Because there are two potential money pits — someone ripping off your IP and someone accusing you of ripping off theirs — there are two distinct types of IP insurance.

Defensive IP policies take effect when someone sues you for infringing their intellectual property. Even if your company is scrupulous, inadvertent infringement can happen. These policies are also sometimes called “IP infringement defense insurance” or “IP liability insurance.” They cover both your legal costs and the cost of the judgment if you lose. Judgments can run into the millions, and, besides paying out damages, you’ll be forced to stop making the infringing product.

A defensive policy kicks in when another party demands either money from your company or non-monetary relief, such as an injunction. Only a handful of insurers offer these policies. Depending on the carriers, you can buy coverage limits of anywhere from $5 million to $15 million. Minimum deductibles vary, and some insurers also insist on coinsurance, meaning you would pay larger out-of-pocket expenses.

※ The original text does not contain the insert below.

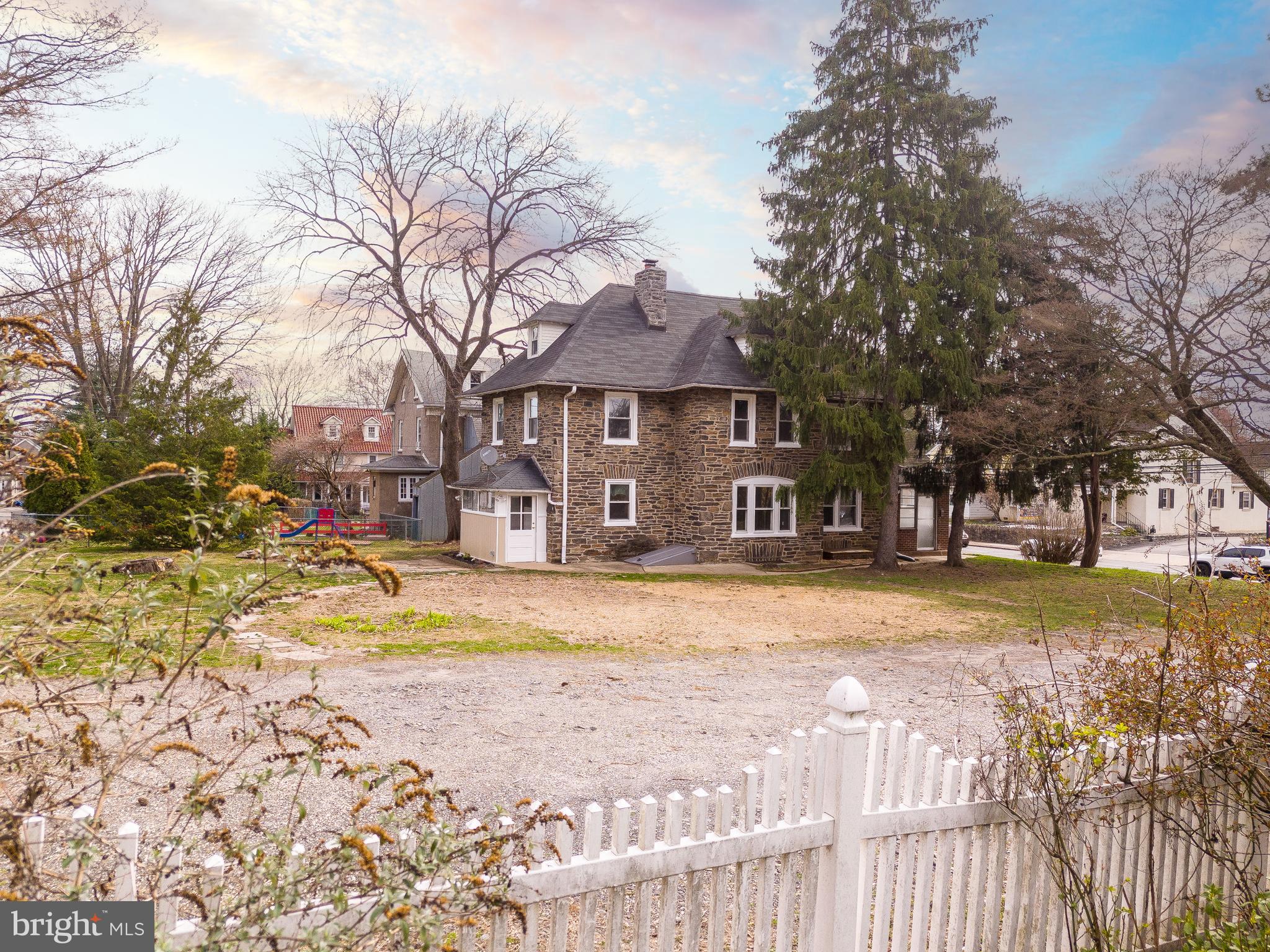 112 East Township Line Road Havertown, PA 19083 - Photo 28 of 40 a view of a yard with a large tree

Offensive IP policies are effective when someone else infringes your intellectual property. That is, the policy will provide money so your company can hire a law firm to sue the company that infringed your patent, trademark or copyright or stole your trade secrets. You will have to get permission from the insurer to hire a law firm and start litigation.

Why would you need an offensive policy? Unlike personal liability lawyers, who get paid by taking a percentage of the settlement if they win, IP law firms generally demand cash on the barrelhead for their services. If your company is a startup or a small organization without a lot of money in the bank, you might not be able to afford to hire a topnotch IP litigator to go after the bad guys. If you have a trademark or copyright case, the legal fees might be manageable, but going after a patent infringer takes millions. Your IP could be stolen by a bigger company, and there’d be little you could do about it. If the infringed patents are your competitive advantage, your company might even be forced out of business eventually. There’s only one known insurer that underwrites offensive IP insurance.

Do you need IP insurance and, if so, how much of what kind? There are no cut-and-dried answers. If your company manufactures generic goods like plywood, you may not need it, unless your manufacturing process is a trade secret. But if your company’s inventions, designs and trademarks are crucial to your company’s success, you may. Start by assessing how important your company’s IP is, and how vulnerable it is to being infringed by someone else or having someone claim that you’re the infringer. Once you have a clearer idea of the risks and potential consequences, you can start to investigate IP insurance systematically and determine if it’s worth it.

Ultimately, you may decide you don’t need IP insurance. But the time to investigate is now. Once you have been sued or your IP has been infringed, it will be too late.